One of my IncusOS server was updated to 7.0 and my containers are no longer able to start since the network interface tied to them is no longer available
Error in UI:
Loading network state failed
Network interface "monitoring-br0" not found
Error in logs: context-err="Failed starting: The DNS and DHCP service exited prematurely: exit status 127 (\"dnsmasq: error while loading shared libraries: /lib/x86_64-linux-gnu/libnetfilter_conntrack.so.3: cannot read file data: Input/output error\")" context-network="monitoring-br0" context-project="default" level="error" Failed initializing network
I was about to recreate the network interface but want to check if there is a solution since some of my servers have a lot of network interfaces and that might become a bigger problem
I tried on another staging server and same thing. What are the odds of two corrupted blocks on two different systems that were working just fine before the upgrade ?
Not pointing finger, just want to understand if something is wrong on my end
Yeah, two different installs failing the same way pretty much rules out a hardware issue.

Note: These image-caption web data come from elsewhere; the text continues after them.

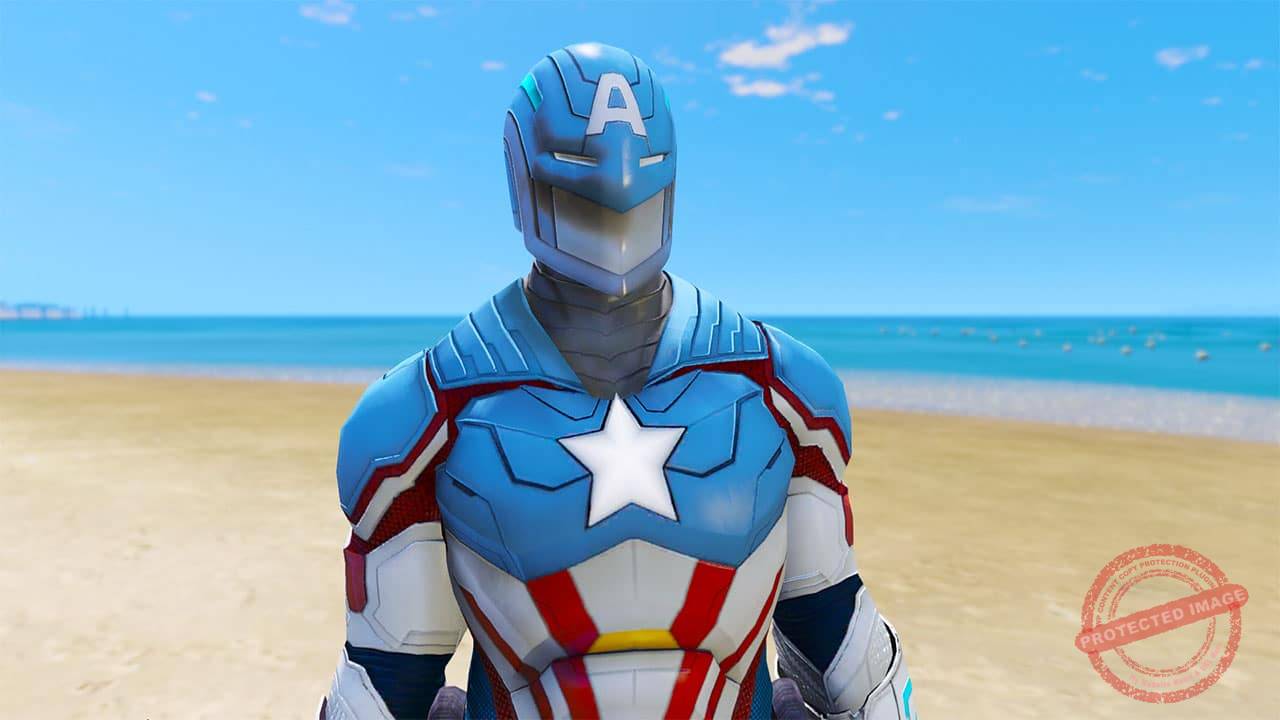 GTA 5 Mods Captain America (Secret Empire Alt 1)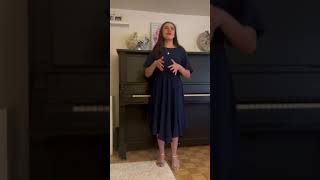 Dans La Nuit sung by Ximena Garcia- Sarah Brightman arrangement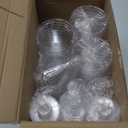 Yinkin 100 Pcs 5 oz Plastic Martini Glasses Disposable Clear Cocktail Dessert Parfait Glasses Unbreakable Mini Martini Cups for Wedding Party Bowl Wine Ice Cream (Stemless)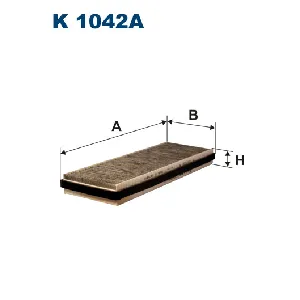 Filter, vazduh unutrašnjeg prostora FILTRON K 1042A IC-538798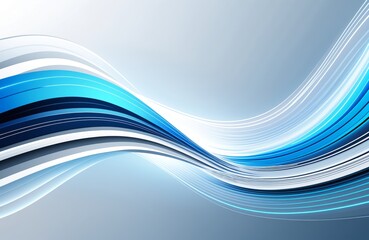 Obraz premium Tech innovation banner with geometric shapes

What is the version of IncusOS that you’ve updated to?
We do have logic in place whenever the sysext images are refreshed to warn and remove any that are corrupt or otherwise don’t match their expected signature. This happens each time the system boots, as well as when applying updates. If @dwlfrth hasn’t seen any messages about “corrupt on-disk image, attempting to cleanup”, then the sysext images are at least good enough for systemd-sysext to load them.
Hallo again,
Not quite sure what is happening. I changed the SSD and reinstall the OS (previous version). It installed just fine and proceed with upgrade. Now, it is looping with the following error
ERROR Failed to run: systemd-sysext refresh: exit status 1 (Failed to read metadata for image incus: Structure needs cleaning)
I’m puzzled by this – based on the errors I’d say this is a hardware issue, but changing the drive would eliminate that.
I wonder if your root ext4 partition is becoming dirty somehow, which could then impact systemd-sysext from loading Incus properly. If you’re able, can you follow the instructions at Emergency Procedure for a Lost Client Certificate - IncusOS documentation to decrypt the root partition, then try running fsck and seeing if it reports fixing anything?
We do have systemd-fsck-root.service in the IncusOS image, but it doesn’t appear to be active because of a condition. It would probably be good to actually get this running, so we can be more resilient to file system errors.